The response should consist only of the lines from the one with "new 2025 BMW M440 car, priced at $68,430" to the end of the data below, copied exactly and without pictures.

Top of INFORMATION SHOWN

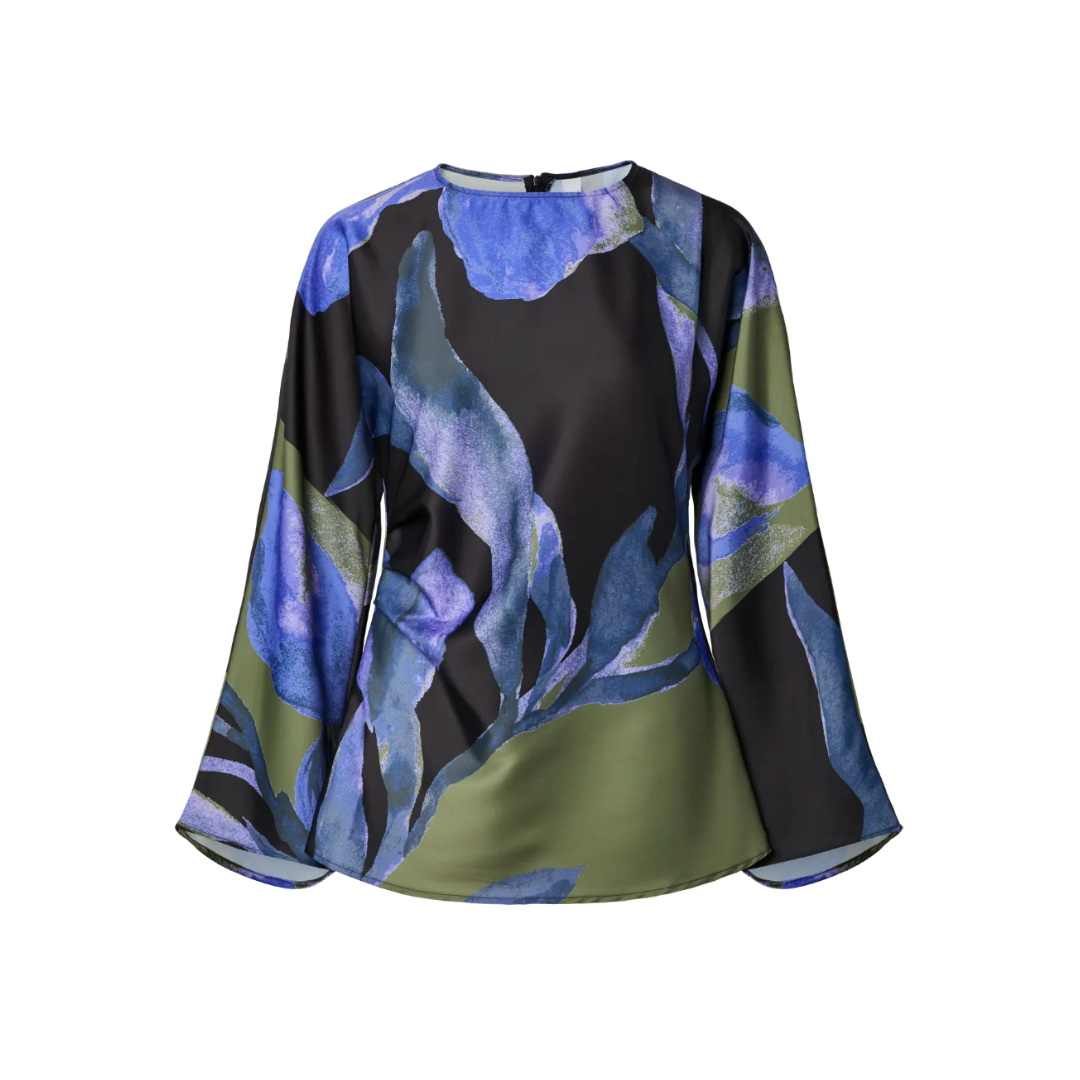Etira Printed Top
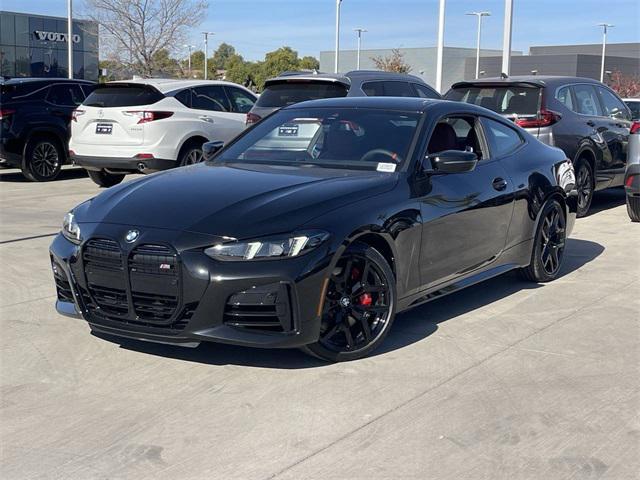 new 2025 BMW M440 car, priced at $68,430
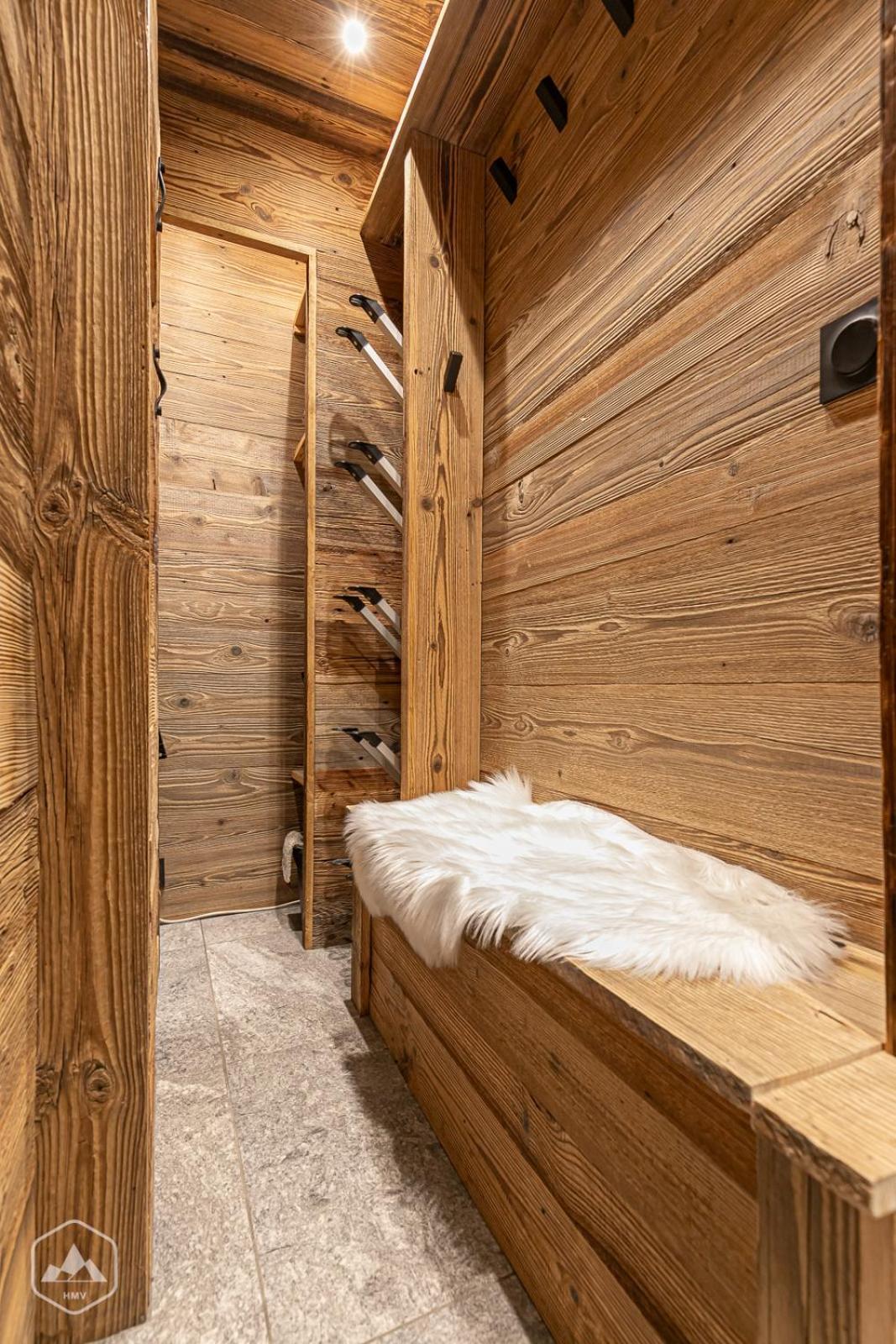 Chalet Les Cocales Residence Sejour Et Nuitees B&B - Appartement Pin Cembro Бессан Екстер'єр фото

Bottom of INFORMATION SHOWN

ANSWER AREA =>
 new 2025 BMW M440 car, priced at $68,430
 Chalet Les Cocales Residence Sejour Et Nuitees B&B - Appartement Pin Cembro Бессан Екстер'єр фото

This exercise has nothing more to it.